When the Domontoviches returned to St. Petersburg that fall, Sonia Dragomirova and Shura enrolled in the courses for young women that had been organized by the historian K. N. Bestuzhev-Riumin. They were the equivalent of a university curriculum, separate from the regular university because women were not allowed fully equal coeducation. Although disapproving, Aleksandra Aleksandrovna gave permission for Shura to attend and also for her to be tutored by Viktor Petrovich Ostro- gorskii, a professor of literature. At first Ostrogorskii doubted the seriousness of this stylish young lady, but as they worked together he realized that she was interested in her studies, and he stressed to Kollontai a reverence for the Russian language. The course and Ostrogorskii’s encouragement strengthened the decision she had made to become a writer.19 She did not intend to pursue that goal by herself, however, and in 1890 or 1891, after a few years of flirtations at St. Petersburg parties, she fell in love with Vladimir Ludvigovich Kollontai.
Kollontai was the only son of Praskovia Il’inichna, one of Mikhail Domontovich’s cousins. He came to St. Petersburg to study engineering at a military institute, and there he met Shura. To her, he was a romantic relative from a different world, since his Polish father had been exiled to Tiflis for participation in the Polish rebellion of 1864. Praskovia Il’inichna had supported her son by teaching, but they were poor, and now Vladimir was determined to complete his engineering degree and then repay his mother’s sacrifices.
Cheerful and handsome, Kollontai won Shura quickly. “My heart used to swell with indignation and warm sympathy when Kollontai talked about how badly he had lived during his childhood. What could I do so that my admirable cousin would forget all the suffering and all the injustices?”20 Unlike the other young men she knew, he had nobility of purpose, he needed her help, he could take her out of the familiar world where she felt confined.

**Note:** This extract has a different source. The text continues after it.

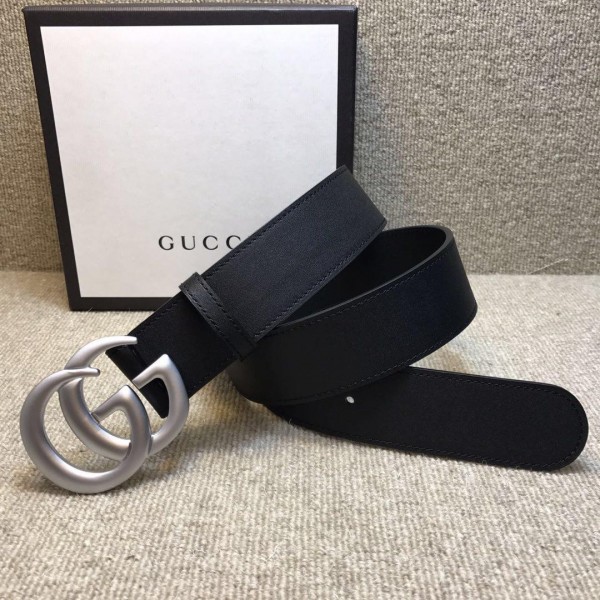 Replica Gucci Double G Black leather belt ASS02359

Possibly this infatuation would have cooled, as had another since Vania’s death, but Shura’s parents refused to let her see Kollontai on the grounds that he was not a suitable prospect for marriage. Their denial heightened her resolve, as her love for Kollontai now merged with her need for independence. Years later she wrote that she had married him “as an act of protest against the will of my parents.”21 Determined, Shura launched a campaign to win their approval. Her father opposed the match because he felt Vladimir was not as intellectually inclined as she, and thus the two would have little in common. Shura replied that he could learn to read the books she enjoyed. Aleksandra Aleksandrovna objected because the young man was so poor, and her daughter retorted that she would work as a teacher to augment their income.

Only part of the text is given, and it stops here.